/B-SMALL

This repo contains code for the paper: "B-SMALL: A Bayesian Neural Network approach to Sparse Model-Agnostic Meta-Learning".

Primary LanguagePython

B-SMALL: A BAYESIAN NEURAL NETWORK APPROACH TO SPARSE MAML

This repository contains code for B-SMALL Link to Paper (Accepted at ICASSP '21)
It includes PyTorch code to train and evaluate both MAML[1] and B-SMALL for few-shot classification tasks on CIFAR-FS and MiniImageNet. The models were trained on a single 2080Ti but use less memory than its full capacity.

Dependencies

This code requires the following key dependencies:

  • Pytorch 1.4
  • Python 3.6
  • Tensorboard

Setup

Download MiniImagenet dataset and put the images in data/mini-imagenet/images/. The splits according to [1] are already provided in the repo. For CIFAR-FS, see data/get_cifarfs.py script to setup.

Usage

Training 5-way 5-shot MAML from a checkpoint

python train.py --n_way 5 --k_spt 5 --restore_model <Path_to_model>

Training 5-way 5-shot B-SMALL

python train.py --n_way 5 --k_spt 5 --svdo 

There are a number of parameters given as flags in the script which can be easily changed.

Key Results

We show some results obtained on the MiniImagenet dataset after training for 60,000 iterations and with the same hyperparameter settings as MAML[1]. Detailed results on CIFAR-FS and inferences in paper.

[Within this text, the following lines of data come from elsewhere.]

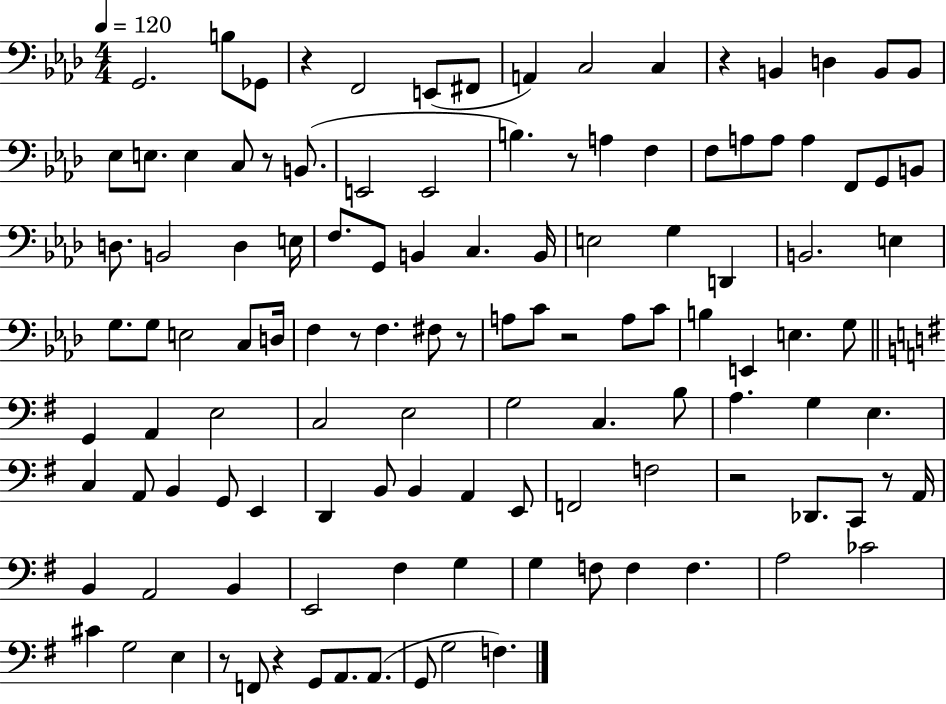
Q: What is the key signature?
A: AES major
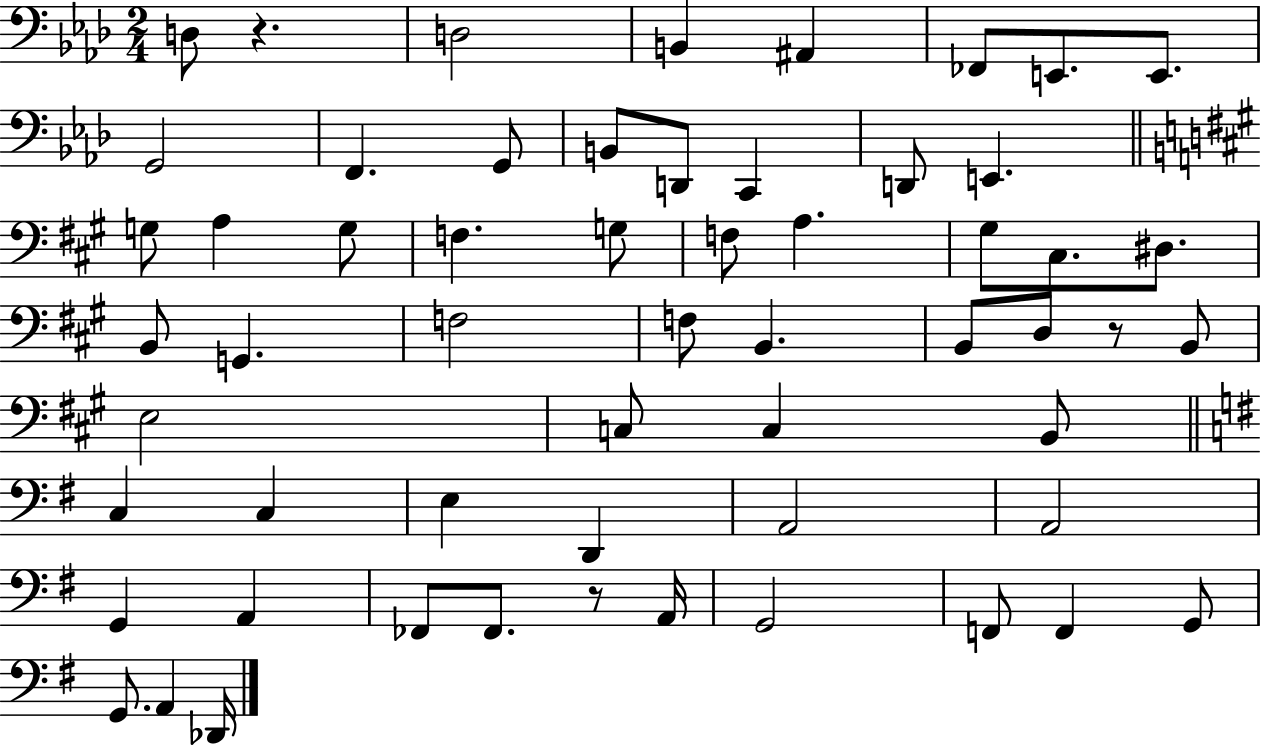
X:1
T:Untitled
M:2/4
L:1/4
K:Ab
D,/2 z D,2 B,, ^A,, _F,,/2 E,,/2 E,,/2 G,,2 F,, G,,/2 B,,/2 D,,/2 C,, D,,/2 E,, G,/2 A, G,/2 F, G,/2 F,/2 A, ^G,/2 ^C,/2 ^D,/2 B,,/2 G,, F,2 F,/2 B,, B,,/2 D,/2 z/2 B,,/2 E,2 C,/2 C, B,,/2 C, C, E, D,, A,,2 A,,2 G,, A,, _F,,/2 _F,,/2 z/2 A,,/4 G,,2 F,,/2 F,, G,,/2 G,,/2 A,, _D,,/4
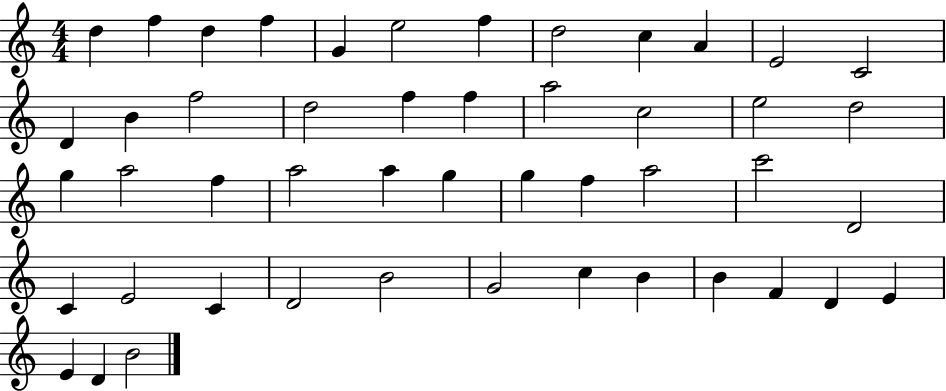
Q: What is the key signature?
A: C major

Model/Experiment 5-way 1-shot 5-way 5-shot
MAML[1] 48.70 ± 1.84% 63.11 ± 0.92%
CAVIA[2] 47.24 ± 0.65% 61.87 ± 0.93%
MAML(Ours) 46.30 ± 0.29% 66.3 ± 0.21%
B-SMALL 49.12 ± 0.30% 66.97 ± 0.3%
Sparsity 76% 44%

To do

  • Sinusoid Regression Tasks

Acknowledgement

Special thanks to Jackie Loong's implementation, of which some parts are directly taken for quick prototyping : https://github.com/dragen1860/MAML-Pytorch

References

[1] Finn, Chelsea, Pieter Abbeel, and Sergey Levine. "Model-agnostic meta-learning for fast adaptation of deep networks." arXiv preprint arXiv:1703.03400 (2017).
[2] Zintgraf, Luisa, et al. "Fast context adaptation via meta-learning." International Conference on Machine Learning. PMLR, 2019.